In 2016, the group, a loose affiliation including members of United Workers and the Fair Development Roundtable (formerly Baltimore Housing Roundtable), gathered thousands of signatures to create a ballot referendum establishing an Affordable Housing Trust Fund. Then last year, when city officials seemed to be dragging their feet in dedicating funding, they pressured then-Mayor Catherine Pugh’s office into signing an agreement committing an eventual $20 million a year of city money for the fund, as Next City reported. Now, as the city’s Department of Housing and Community Development gets ready to make the funds available, they’ve created a detailed list of demands related it to how it should be spent.

At a meeting of the city-appointed Affordable Housing Trust Fund Commission last week, the Fair Development Roundtable presented a report outlining a shortlist of priorities for the fund — from permanent affordability to racial equity and accountability for developers who receive money — along with detailed scoring criteria for every category. The report was the work of a committee of the Fair Development Roundtable that studied best practices for funding affordable housing around the country starting last fall.

“We were like, look, we’re leading on this,” says Peter Sabonis, the director of legal strategies at the National Economic & Social Rights Initiative, who also works with United Workers and the Fair Development Roundtable. “Let’s continue to lead.

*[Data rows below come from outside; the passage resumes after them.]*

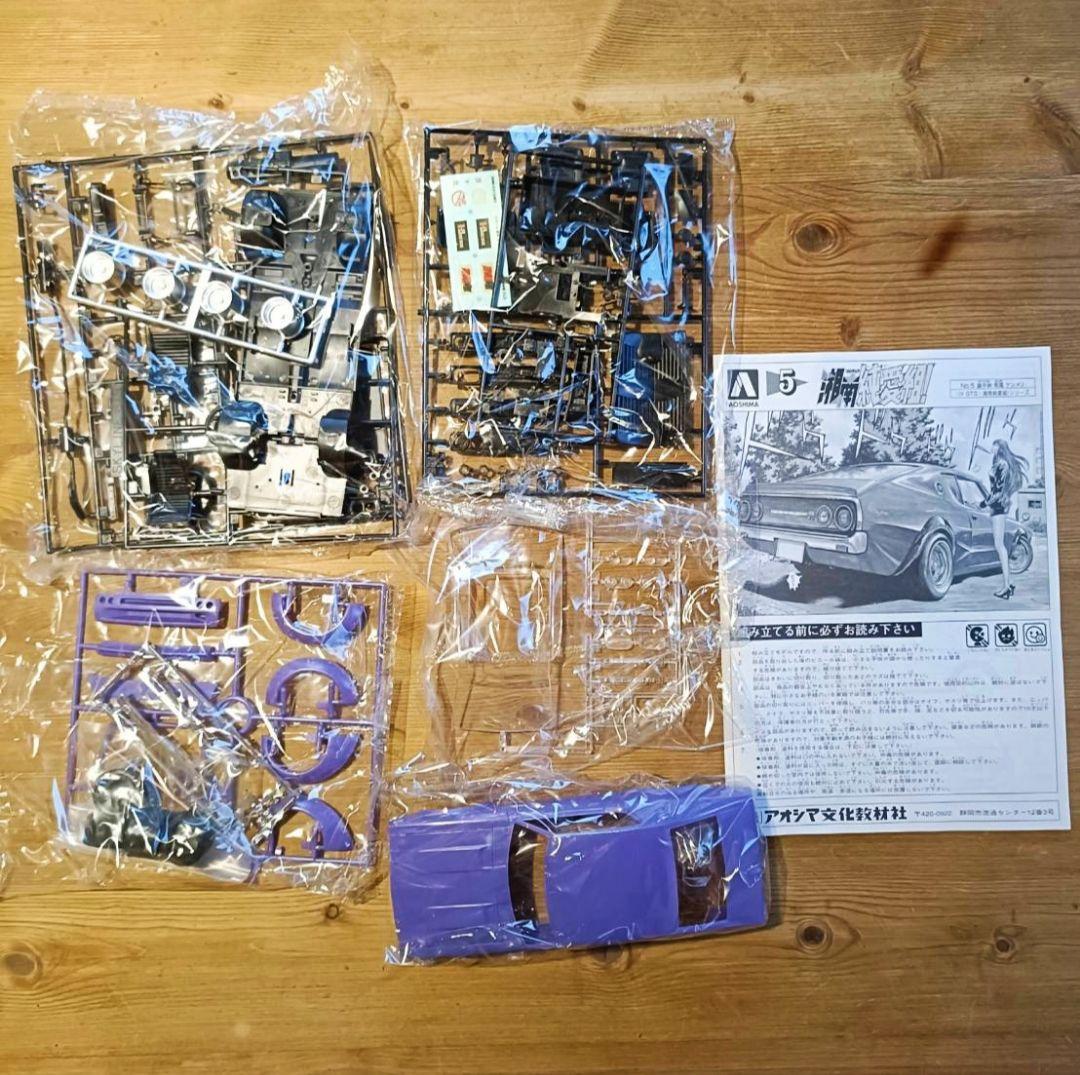 レア　湘南純愛組! 嘉手納南風ケンメリ　プラモデル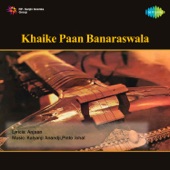 Khaike Paan Banaraswala (Remix) artwork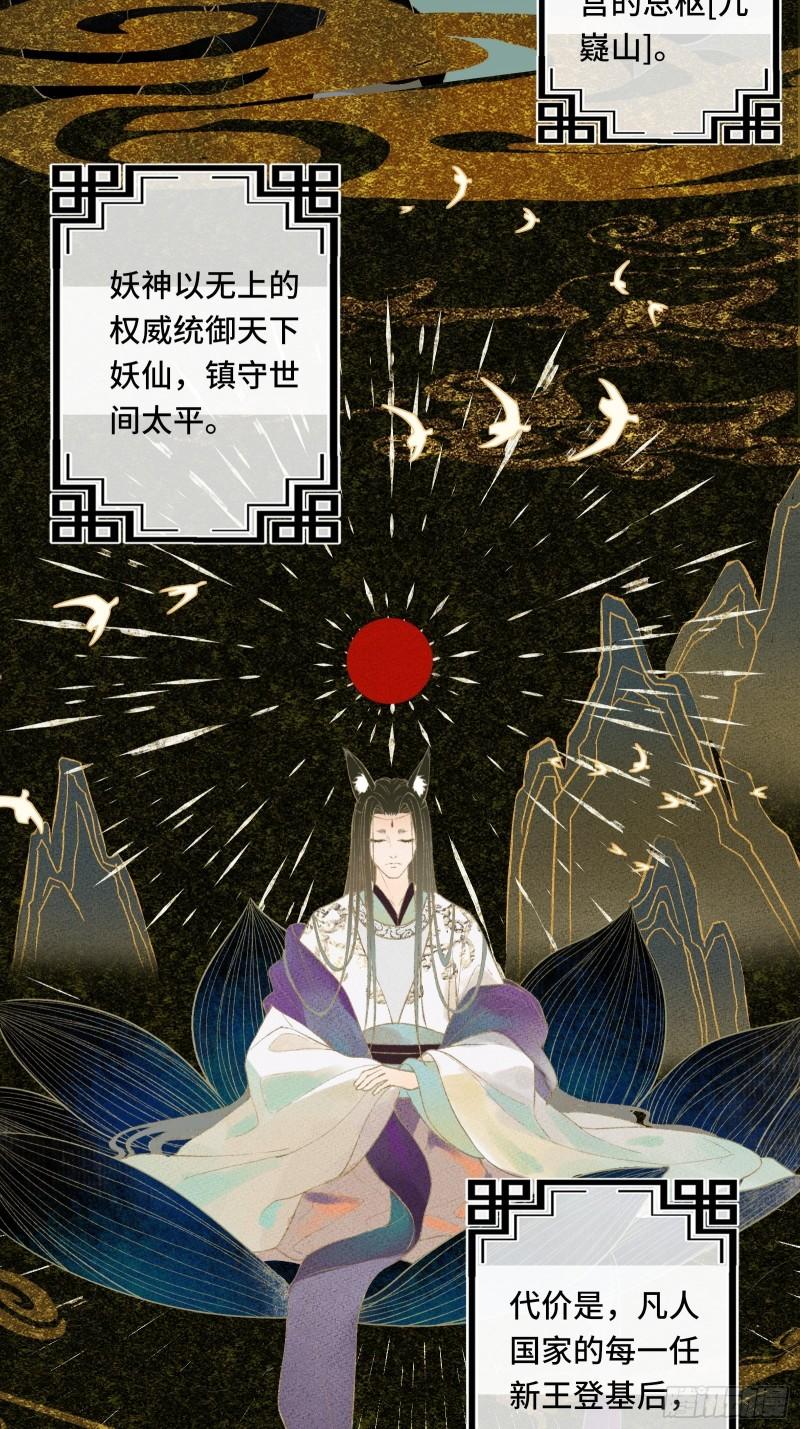 《不守夫德(别名撒娇女帝最好命)》第二十五话 小狐仙再次出手 第36页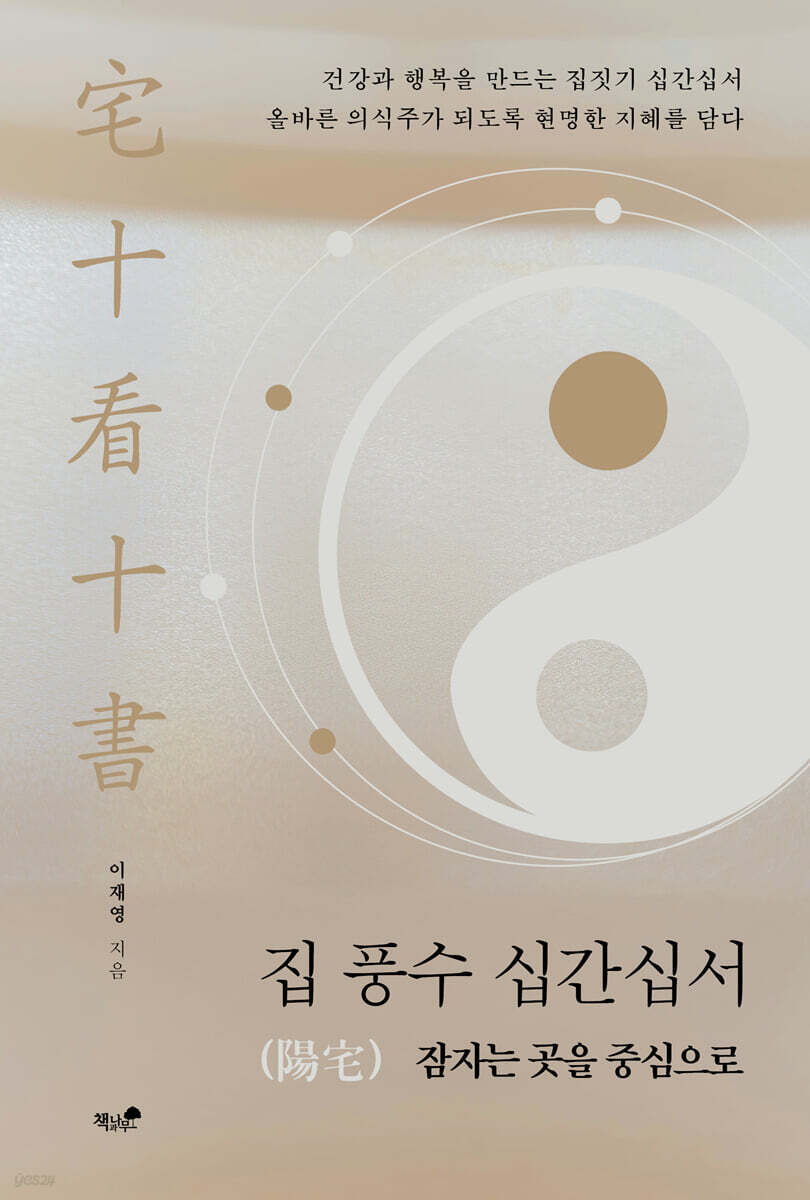 집 풍수 십간십서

We’re not going to get in the back seat now.”

From the outset, advocates have pushed the city to do more than it would have on its own, Sabonis says, and they have no reason to believe the dynamic will be different now that the fund is stocked and about to be operational.

“We knew the next step was going to be, alright, let’s come up with some criteria for distributing money,” Sabonis says. “So we wanted to get out front on that, because we’re the ones who created the trust fund. We don’t want to be caught in the same sort of political and bureaucratic zone, leaving these decisions … to those in government who, to date, have not taken much initiative in this area.”

In a presentation to the 12-member commission — five members of which are already affiliated with the advocates who created the fund and wrote the new report — the group emphasized that the fund needs to strive for racial equity, permanent affordability, and community control of land and development. But the report takes a more fine-grained approach, outlining eight “threshold criteria” with basic qualities that every project must have to receive funding. It also scores applications based on specific targets for local hiring, minority participation, deep affordability, environmental sustainability features, accessibility for people with disabilities, and other features. It would require that developers pay back any funding they receive if they don’t meet the benchmarks they agree to. It also includes measures for race equity in geographic locations, prioritizing projects that establish new affordable housing in “Communities of Opportunity” as defined by the state, or in “redlined or historically disinvested communities.”

“Development must prioritize people with greatest need and redress structural, social wrongs,” the report says. “Development must be controlled by the communities and residents affected by development.”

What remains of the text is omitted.